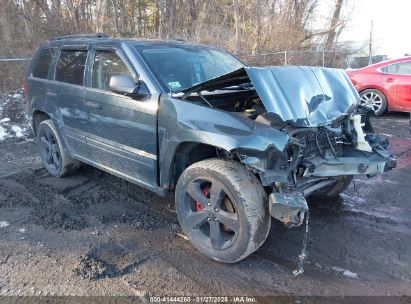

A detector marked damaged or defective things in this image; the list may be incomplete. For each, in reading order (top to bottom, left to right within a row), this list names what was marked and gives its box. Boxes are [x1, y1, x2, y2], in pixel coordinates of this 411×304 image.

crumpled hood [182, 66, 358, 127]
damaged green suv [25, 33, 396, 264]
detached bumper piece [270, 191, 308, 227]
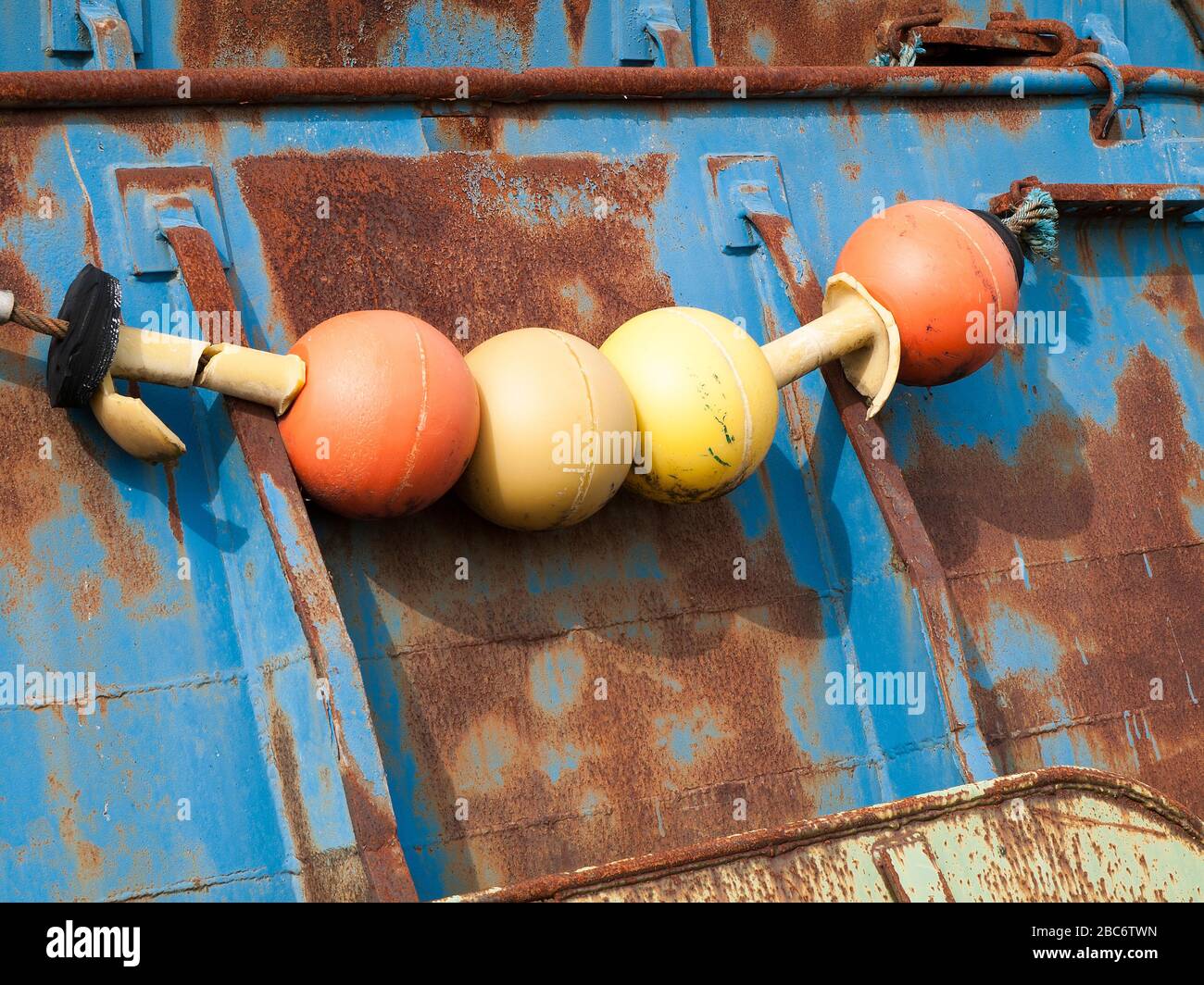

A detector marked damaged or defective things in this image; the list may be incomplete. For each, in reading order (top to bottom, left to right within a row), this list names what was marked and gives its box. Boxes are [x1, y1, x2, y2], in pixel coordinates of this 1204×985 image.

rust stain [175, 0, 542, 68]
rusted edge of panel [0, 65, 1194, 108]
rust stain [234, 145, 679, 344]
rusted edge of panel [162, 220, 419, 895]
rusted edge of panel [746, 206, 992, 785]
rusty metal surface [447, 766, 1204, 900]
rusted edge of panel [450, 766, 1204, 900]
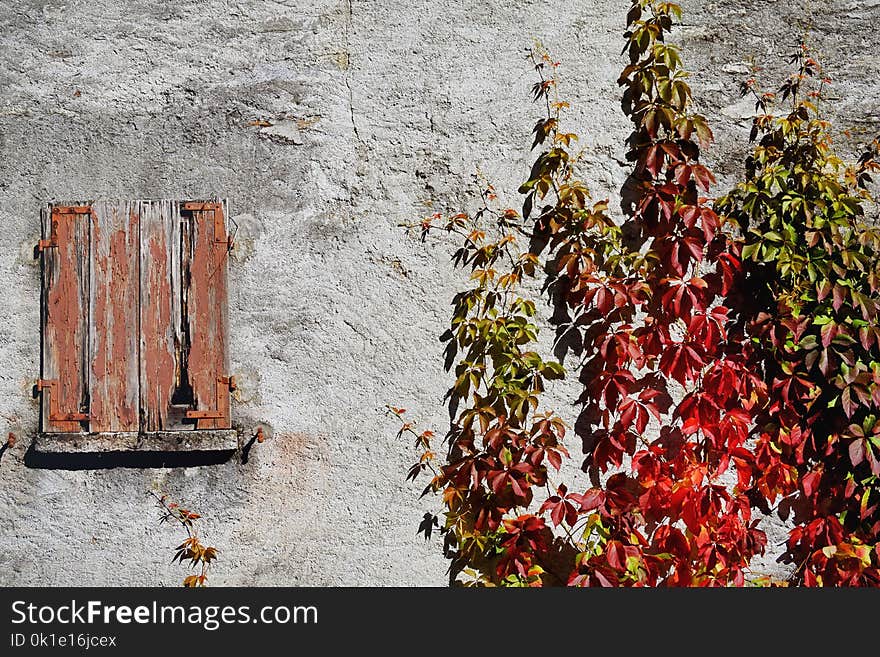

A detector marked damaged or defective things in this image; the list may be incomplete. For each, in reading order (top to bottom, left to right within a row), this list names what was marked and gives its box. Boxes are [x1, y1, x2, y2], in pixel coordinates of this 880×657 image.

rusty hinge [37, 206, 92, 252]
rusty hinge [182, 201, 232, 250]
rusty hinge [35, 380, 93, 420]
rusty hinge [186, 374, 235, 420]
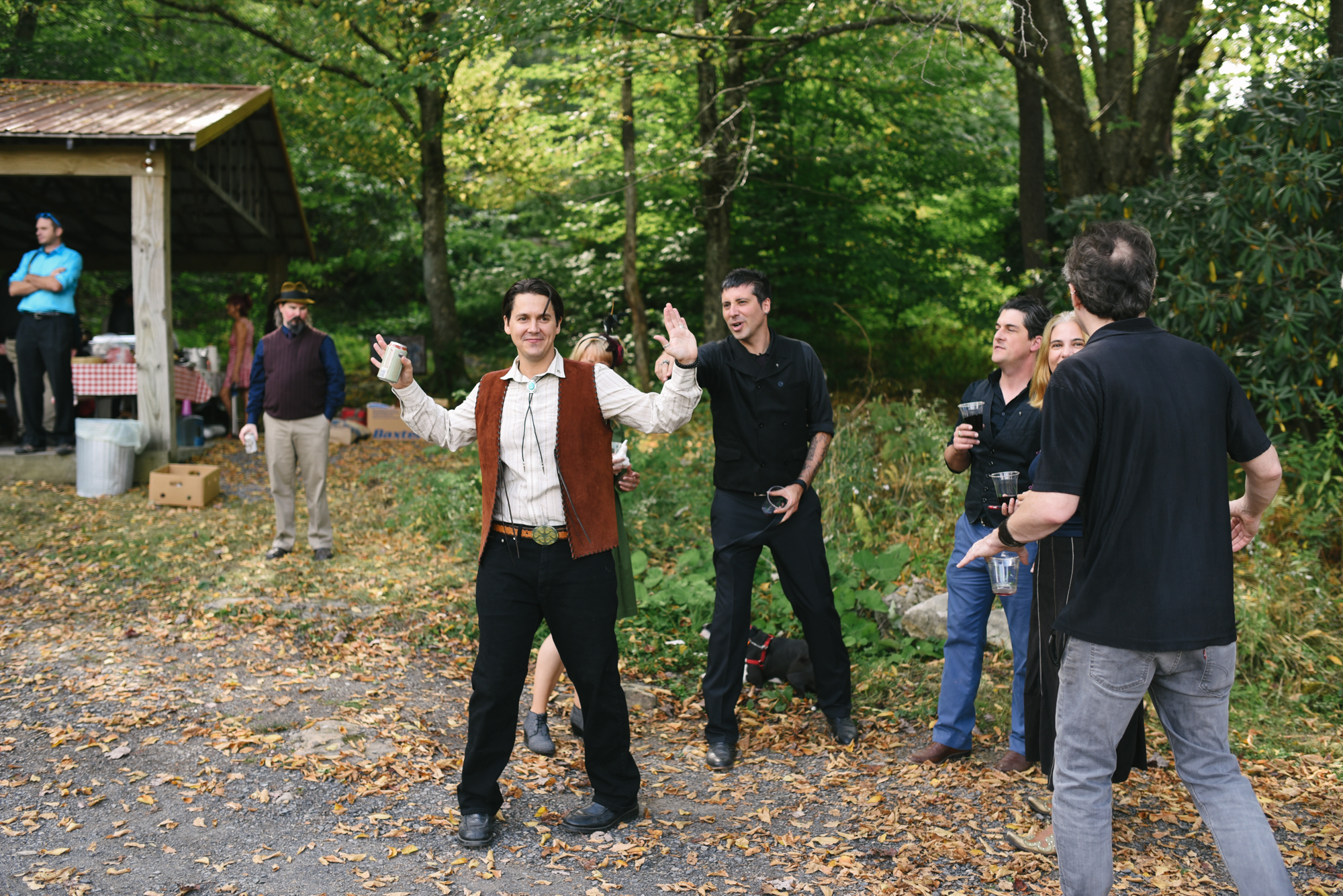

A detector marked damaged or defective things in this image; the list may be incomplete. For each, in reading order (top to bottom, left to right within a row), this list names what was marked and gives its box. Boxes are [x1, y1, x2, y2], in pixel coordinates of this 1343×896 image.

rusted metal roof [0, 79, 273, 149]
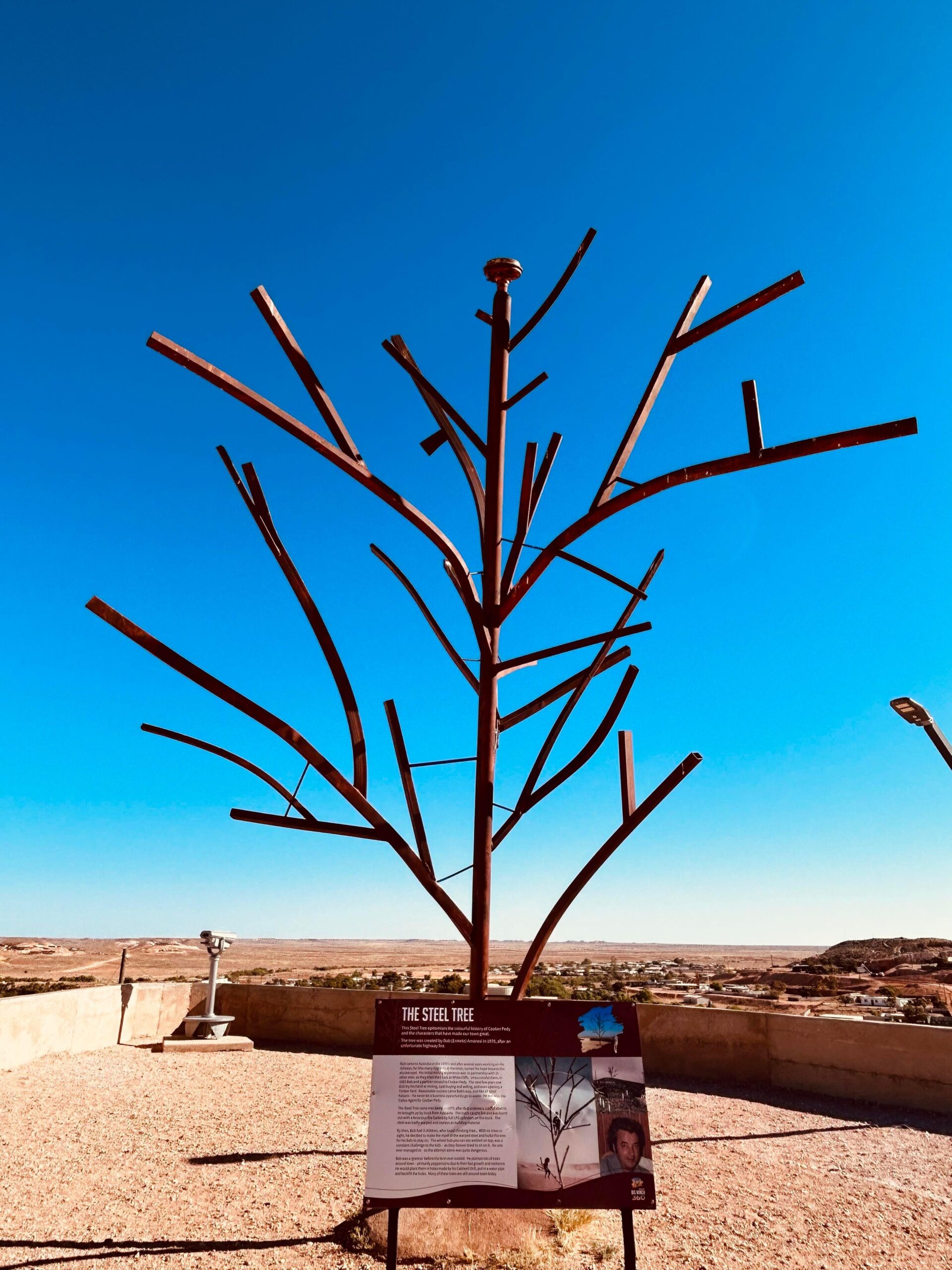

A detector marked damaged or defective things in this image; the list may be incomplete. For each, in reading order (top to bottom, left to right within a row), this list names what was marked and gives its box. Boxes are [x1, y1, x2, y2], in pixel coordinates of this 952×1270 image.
════════════════════
**WORK TO COMPLETE:** Reproduce the material above exactly, but only from the line with "this 880×657 image." through its last line, leaving pictures out.

**EXERCISE RESULT:**
A detector marked damaged or defective things in this image; the list may be incomplete. For each, in reading order (top to bottom, left to right within a row), this list names what was marked and gives its box. Boxes are [x1, y1, x2, y2], in pixel coordinates of this 880×657 image.

rusty hinge [37, 206, 92, 252]
rusty hinge [182, 201, 232, 250]
rusty hinge [35, 380, 93, 420]
rusty hinge [186, 374, 235, 420]

A detector marked damaged or defective things in this image; the list may be incomplete. For each, in reading order (top to bottom, left to right within a row), this list names what was marked and gives its box. Boxes are [x1, y1, x2, y2], in pixel coordinates of this 1343×896 image.

rusted metal roof [0, 79, 273, 149]

A detector marked damaged or defective things in this image; the list may be incomplete. For each, in reading order (top to bottom, left to right within a row), this list names what was marked and gives its box. Boxes are [x1, y1, x2, y2], in pixel coordinates of this 952×1270 image.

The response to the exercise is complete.